DATASET CONTENT:
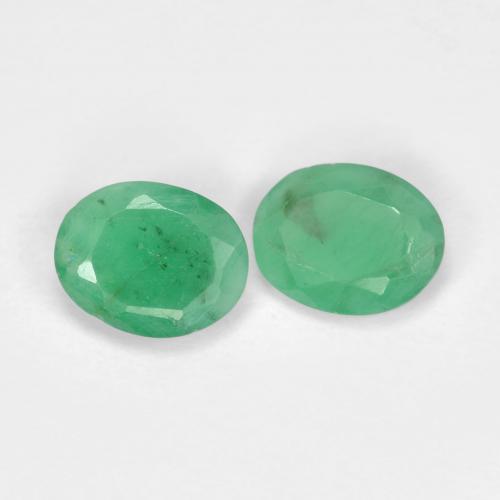 Achetez naturel 0.54ct Vert moyen Émeraude gems, Coupe ovale, En provenance Colombie chez GemSelect. En stock, livraison internationale!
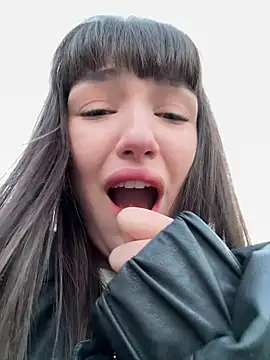 Sophie Avory online show from 19, 2, 2025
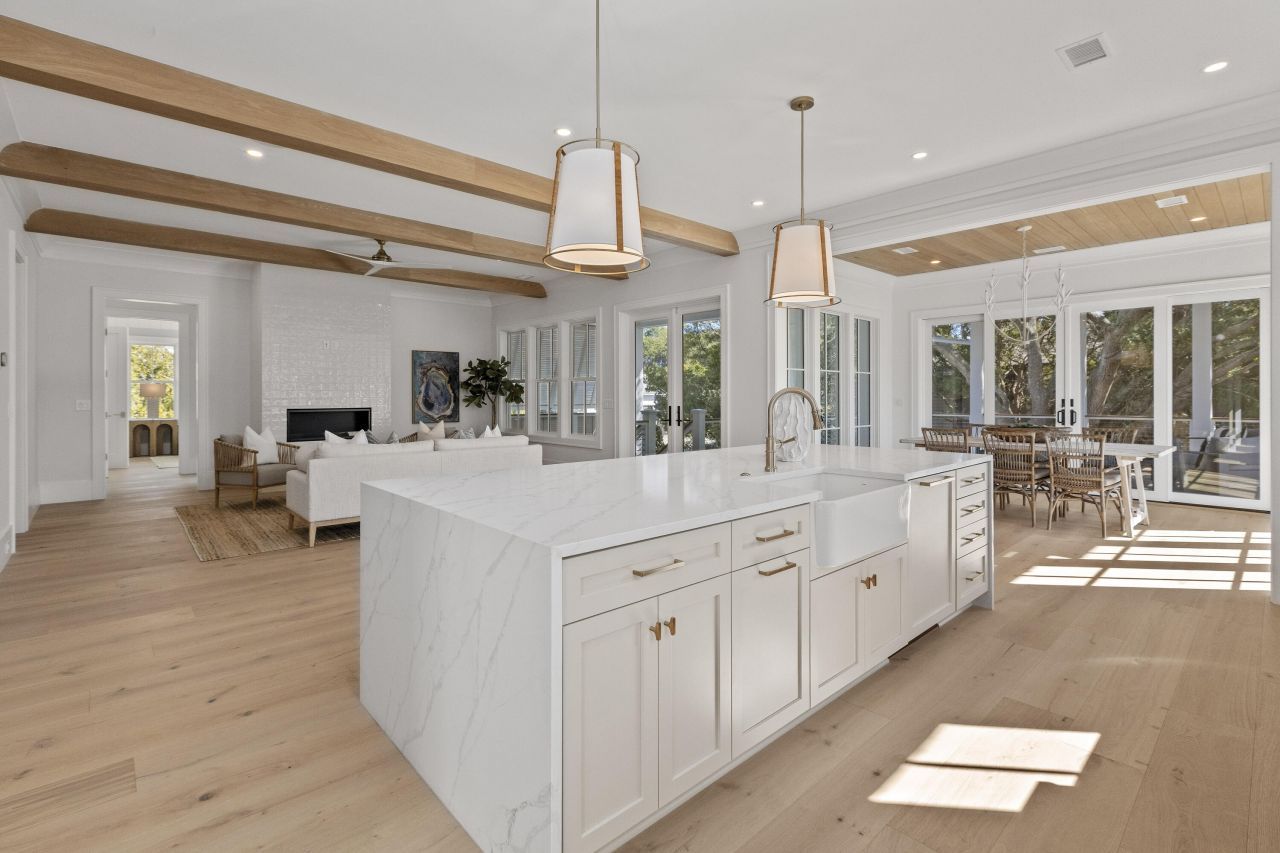 2923 Middle Street Photo 12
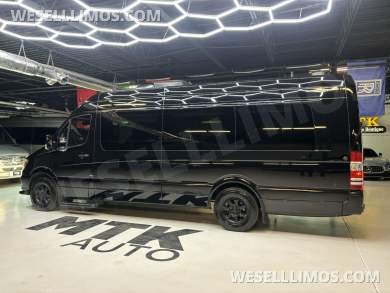 2014 Level Up Customs Mercedes-Benz Sprinter 3500 Daycruiser - Sprinter for Sale in Richmond, VA - Photo 12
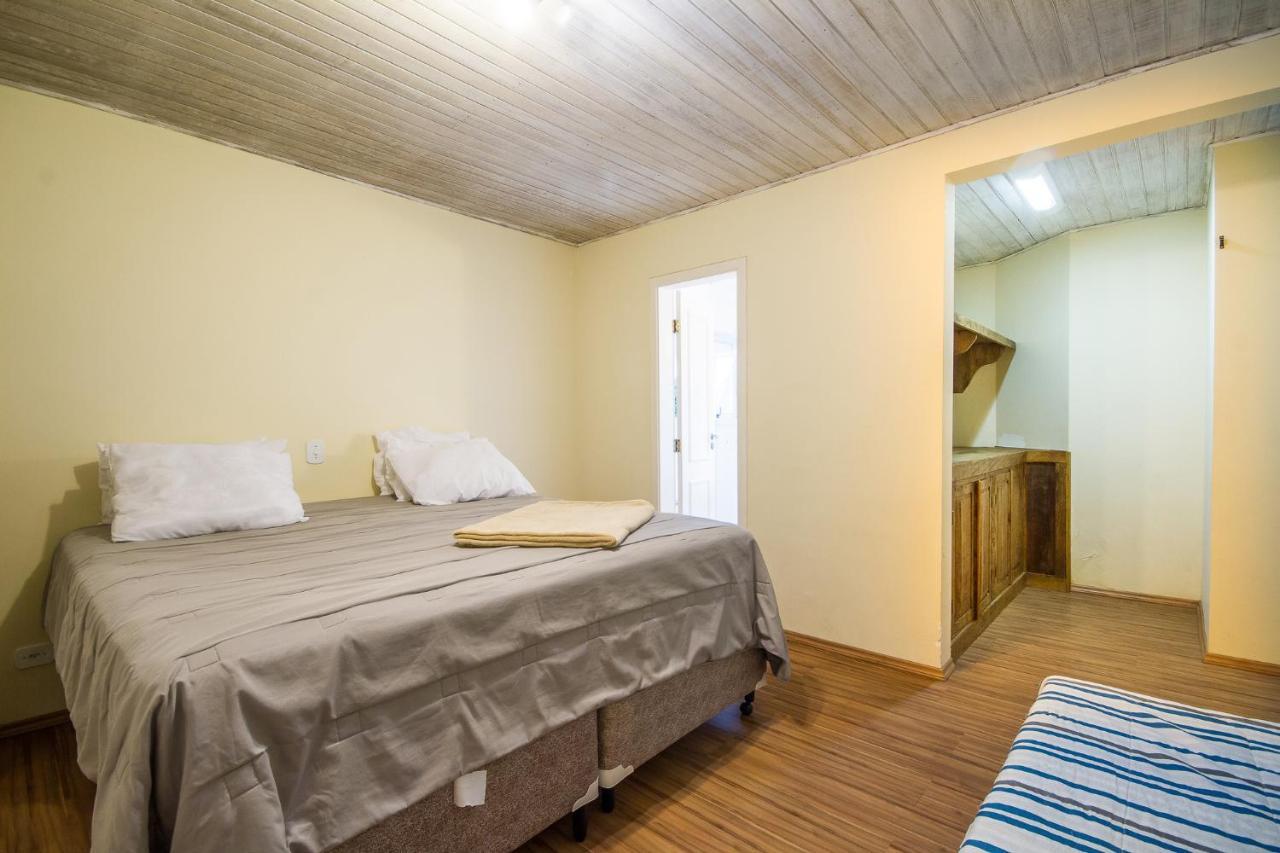Casa de férias Casa 4 Quartos Em Condominio E Internet Excelente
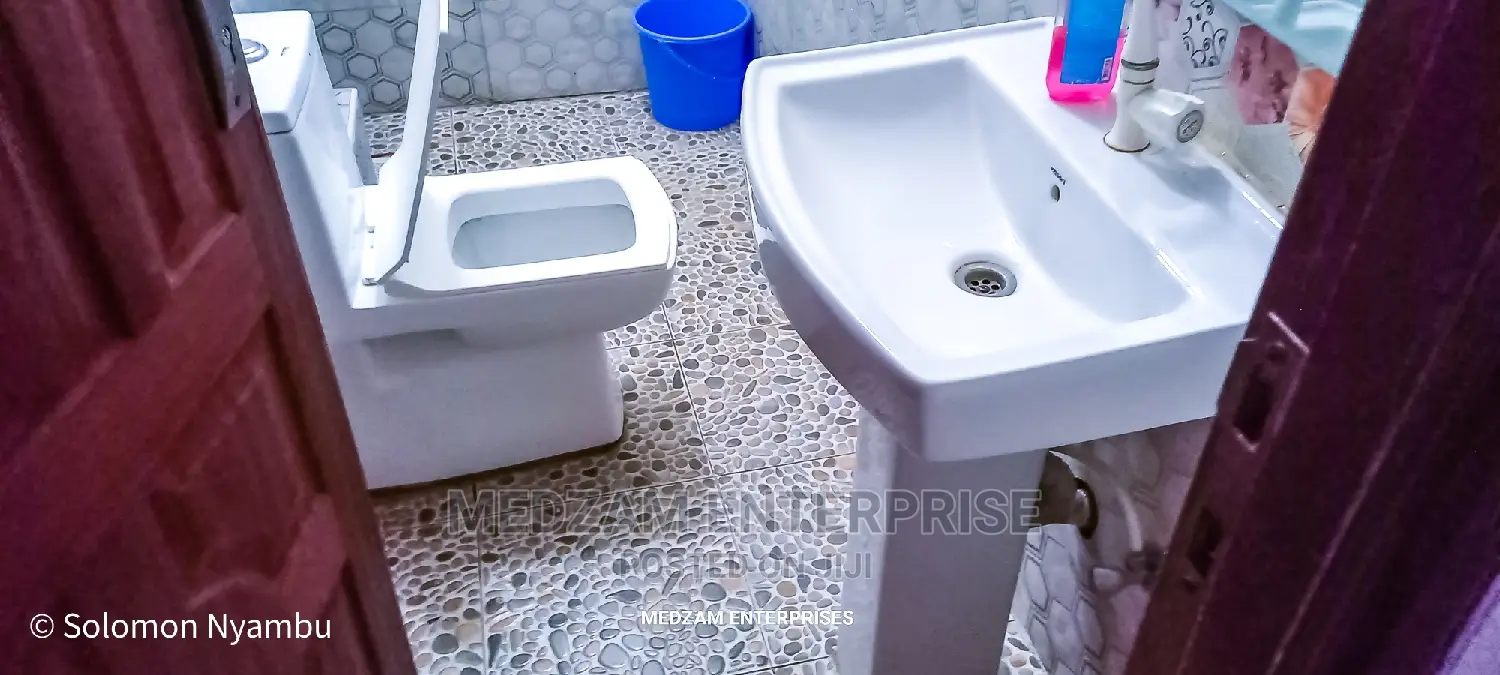 Luxurious Airbnb Studio Available Now in Ziwa la Ngombe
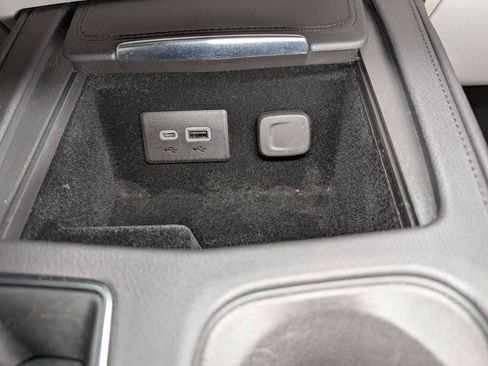 Certified 2023 Cadillac XT4 Premium Luxury image 30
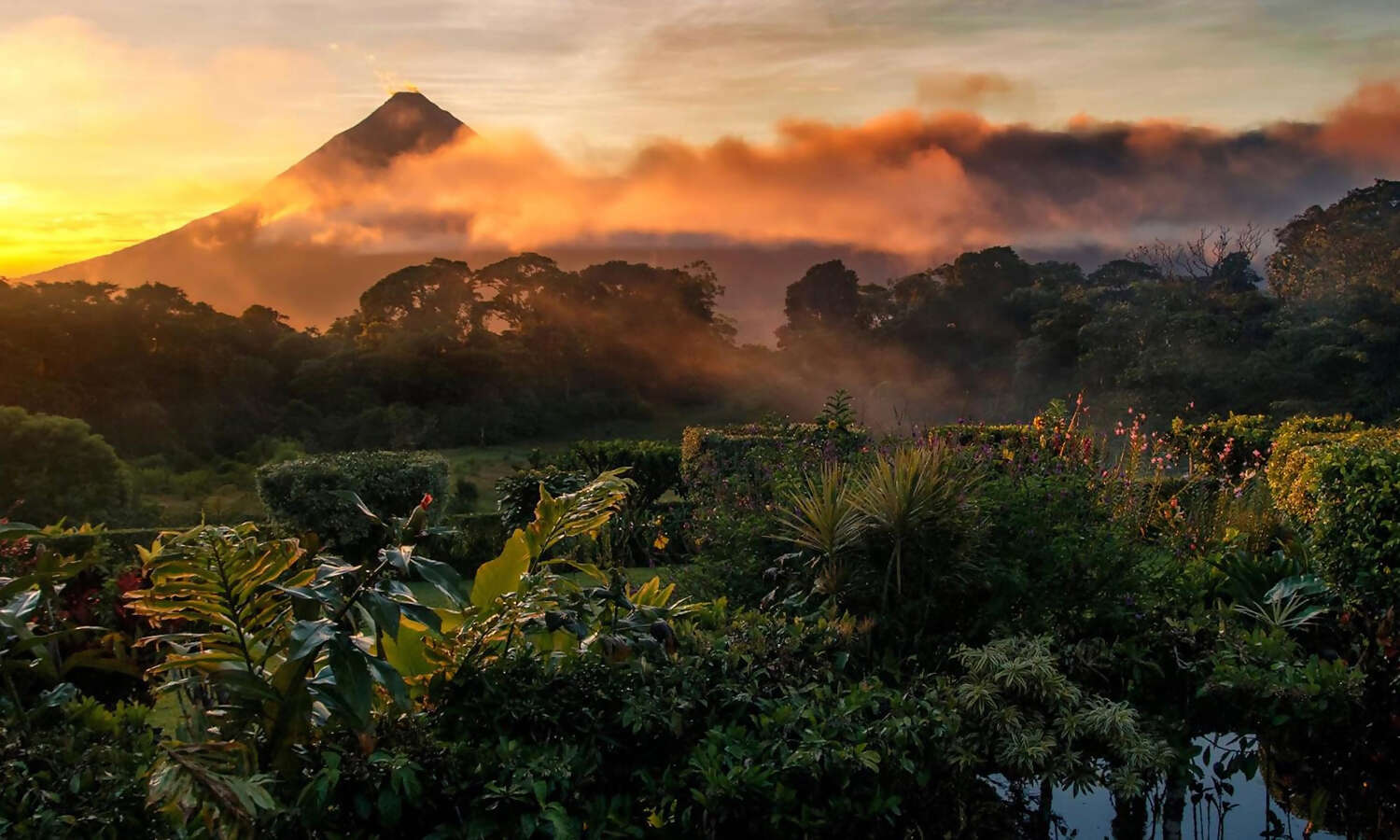 Costa Rica: Exploring Arenal Volcano & Carrillo Beach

TASK: Please copy exactly the lines from the one containing "2014 Level Up" through the end of the records above, leaving out every picture.

RESULT BELOW:
 2014 Level Up Customs Mercedes-Benz Sprinter 3500 Daycruiser - Sprinter for Sale in Richmond, VA - Photo 12
Casa de férias Casa 4 Quartos Em Condominio E Internet Excelente
 Luxurious Airbnb Studio Available Now in Ziwa la Ngombe
 Certified 2023 Cadillac XT4 Premium Luxury image 30
 Costa Rica: Exploring Arenal Volcano & Carrillo Beach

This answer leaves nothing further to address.